[Materials provided — start]
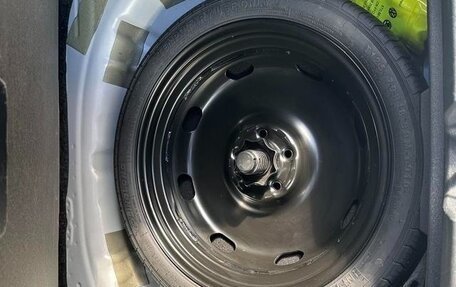 Audi A3, 2021 год, 1 800 000 рублей, 15 фотография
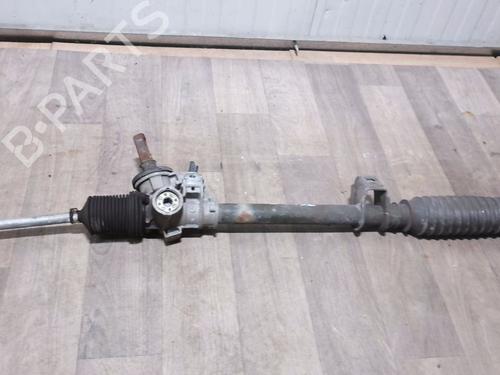 steering-rack-renault-clio-iii-br01-cr01-2005-2006-2007-2008-2009-2010-2011-2012-2013-2014-36556844 main image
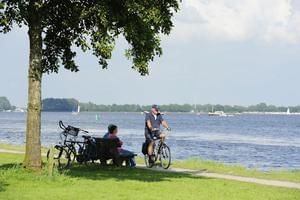 RCN Vakantiepark de Potten - Photo 32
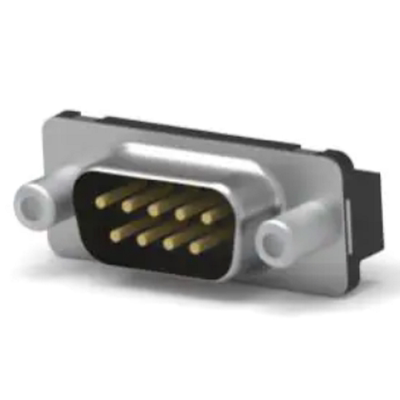 TE1-747871-6泰克连接器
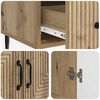 Product Thumbnail Image 8 of 11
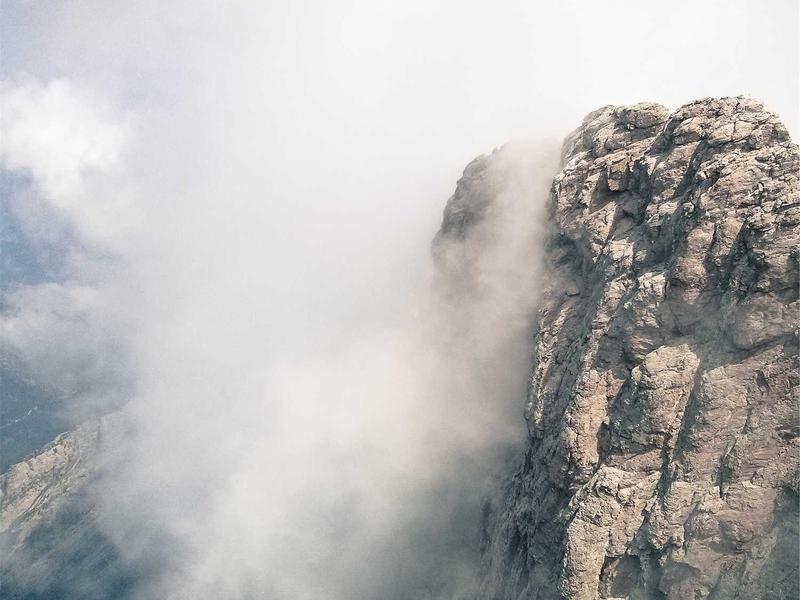 sudoku team challenge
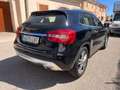 Mercedes-Benz 180 GLA 180 D Negro - thumbnail 5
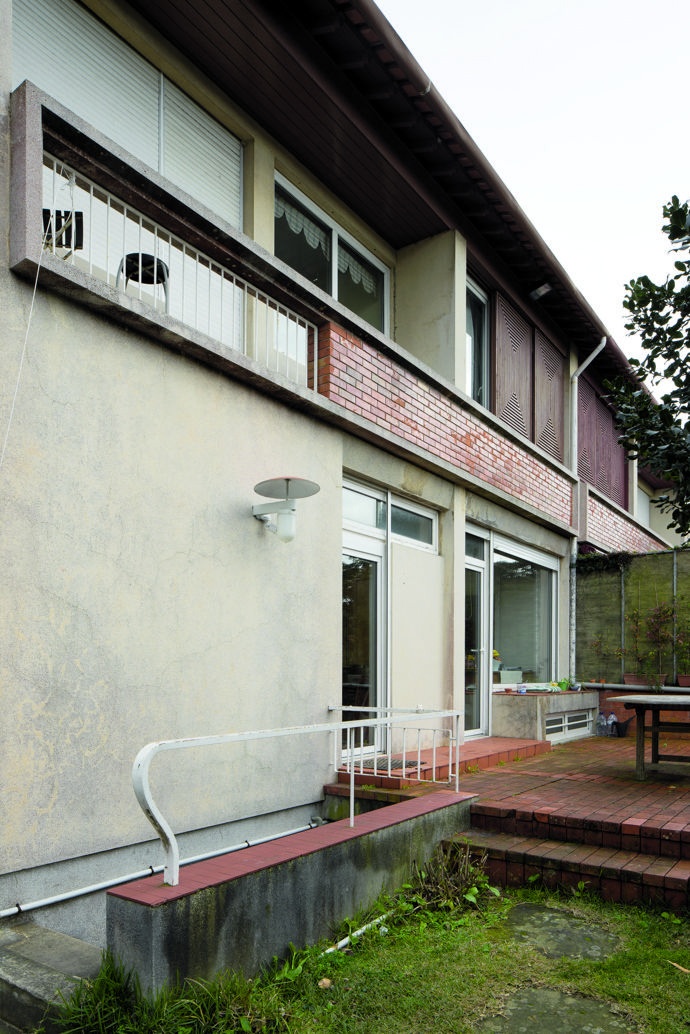 Architektonický průvodce po Portu:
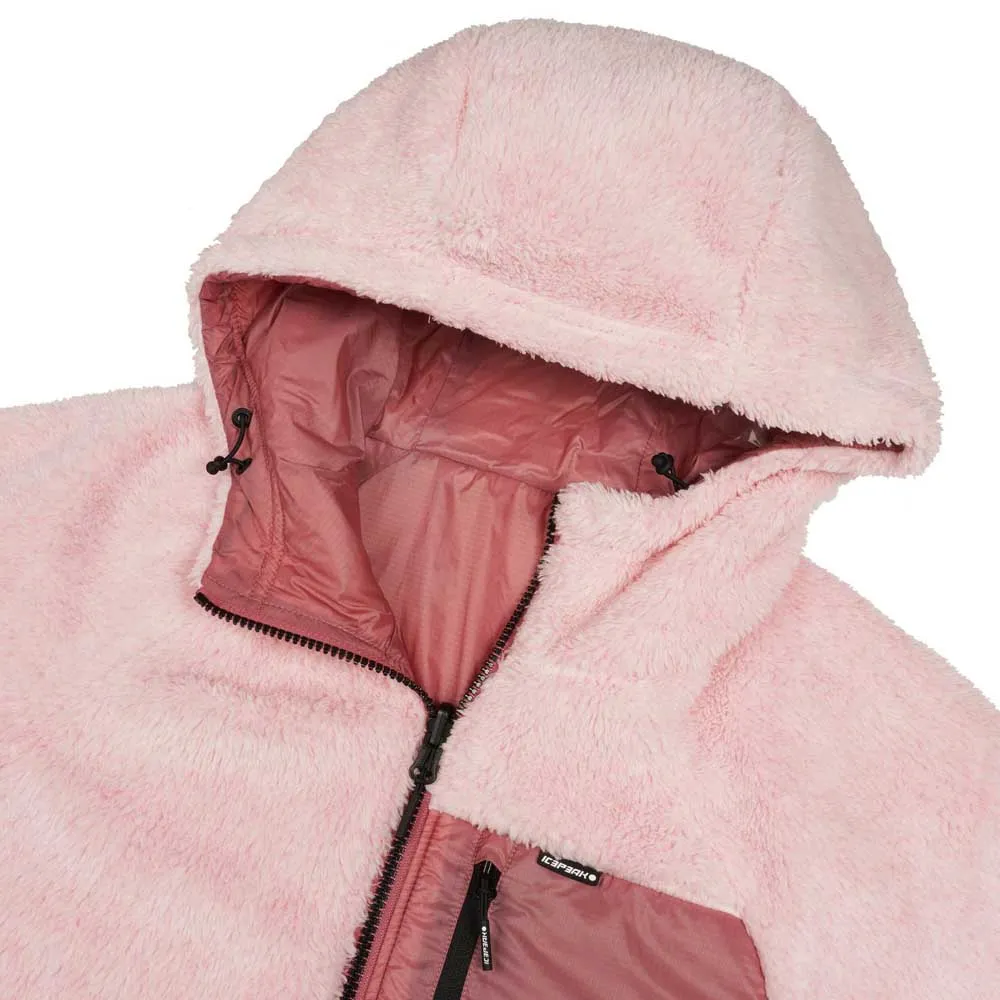 Icepeak Carrol Jacke Icepeak Carrol Jacke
[Materials provided — finish]
**Your instructions**
Exactly the lines from the one with "Product Thumbnail Image 8 of 11" through the end of the entries above must be written out, and no pictures may be included.

**Problem solution**
 Product Thumbnail Image 8 of 11
 sudoku team challenge
 Mercedes-Benz 180 GLA 180 D Negro - thumbnail 5
 Architektonický průvodce po Portu:
 Icepeak Carrol Jacke Icepeak Carrol Jacke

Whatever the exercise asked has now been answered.